Елена Стишова (журнал «Искусство кино») отметила тот факт, что восточная ментальность—это, по слову Славоя Жижека, «зал ожидания», ментальность, которая проецируется на русское православное сознание с его утопичностью. Джералд Макаусленд (Питтсбург) выступил с докладом «Значение ребенка в постсоветском пространстве». Докладчик отметил, что освобождение от советского дискурса проще всего происходит через детское сознание, которое создает идеальное поле для деконструкции старого дискурса и создания нового.
Сет Грэхем (Питтсбург) в докладе «Киностан, или Является ли современный центрально-азиатский экран «постколониальным»?» подчеркнул, что во многих фильмах регионов ощутимы самые эклектичные (гибридные) стратегии «экранизации нации». Рашид Нугманов в «Игле» насытил картину советской масс-культурой и западными кинотропами. «В результате фильм кажется своеобразным эклектичным двуствольным жестом, который одновременно демонстрирует ироничное расстояние от метрополии и знание западных культурных кодов. Целлулоидный Казахстан Нугманова, таким образом, находится на дискурсивно стратегическом пункте на пути от советского прошлого в капиталистическое будущее. В фильме «Полет пчелы» таджикский режиссер Джамшед Усмонов также диалогизирует отступающее советское настоящее, как необходимую исходную точку для начала биографии новой страны. Усмонов, однако, делает это посредством повествования и визуализирования мифологического прошлого, а не наступающего будущего».
Нина Цыркун (НИИК) также остановилась на смешении дискурсов в новом кино этих регионов на примере фильма Абая Карпыкова «Тот, кто нежнее». Это идеальный случай жанрового гибрида, органического симбиоза, основу которого составляют традиционная восточная сказка и истерн, а кроме того, имеются элементы триллера, комедии и road-movie.
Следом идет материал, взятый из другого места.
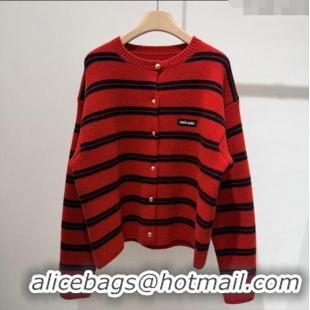 Luxury Cheap Miu Miu Wool Cashmere Striped Cardigan M110541 Red 2025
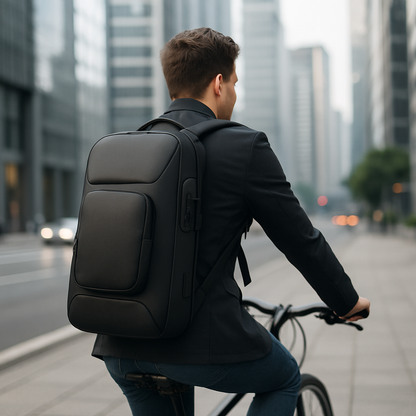 Laptoprucksack mit verdeckten Reißverschlüssen und USB-Durchführung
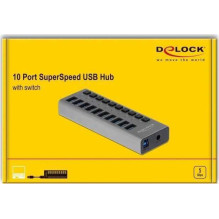 DELOCK 63670 išorinis 5 Gbps USB šakotuvas su 10 prievadų + komutatorius
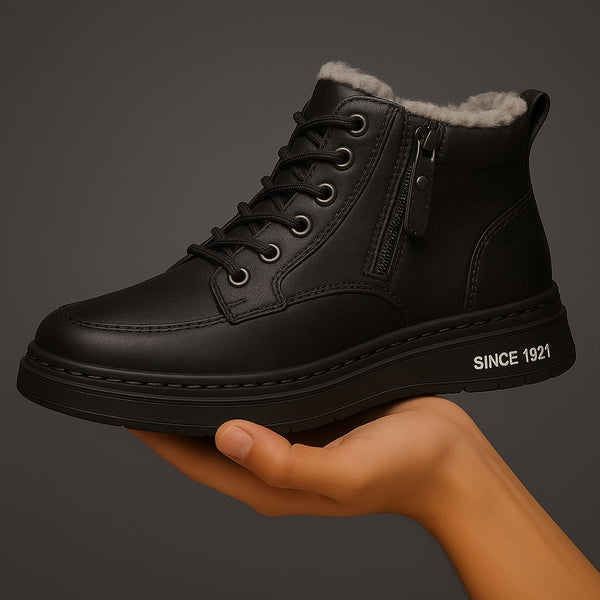 Sneakers in pelle con interno in pelliccia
Общая ироническая тональность вводит фильм в постмодернистский контекст (что позволяет причислить его к казахской «новой волне»), но в то же время несет на себе следы усталости и декадентского маньеризма.
Дэниел Уайлд (Питтсбург) поставил вопрос: существует ли способ понять, какое место занимает Центральная Европа в глобальной эстетике, не прибегая к концепции узнавания? Он предложил понятие «interest-generating images» («возбуждающие интерес образы»), причем в данном случае обыгрываются два значения термина «интерес»—как материальная заинтересованность, подобно получению прибыли на вложенный капитал, и как устройство для узнавания, зеркало на экране. Тогда возможно, заключает автор, подобные образы помогут предотвратить постоянное запаздывание кинематографа Центральной Азии. В противном случае может оказаться прав Жан-Люк Годар, утверждающий, что «кинематограф уже умер».
Татьяна Москвина (НИИК) говорила о всплеске неоязычества, усиленном и искаженным исламской традицией, которое ассимилируется культурой.
Дмитрий Караваев (НИИК) иронически переиначил название сипозиума: «Амнезия или анемия?», отметив, что «фильмы есть, а вот есть ли кинопроцесс?»—то есть имеет ли место анемия кинопроцесса как следствие анемии социальной и экономической. В качестве примера идеальной модели прорыва национального кино к мировому он указал на китайское и вообще юго-восточное.
В рамках симпозиума была показана обширная коллекция фильмов данных регионов, обсуждение которых вошло в его программу. Несмотря на все трудности и издержки переходного периода, безусловно было отмечено движение от общего прошлого к национальной аутентичности. Другое дело, что определение последней все еще представляет (особенно для западного сознания) большую и сложную проблему.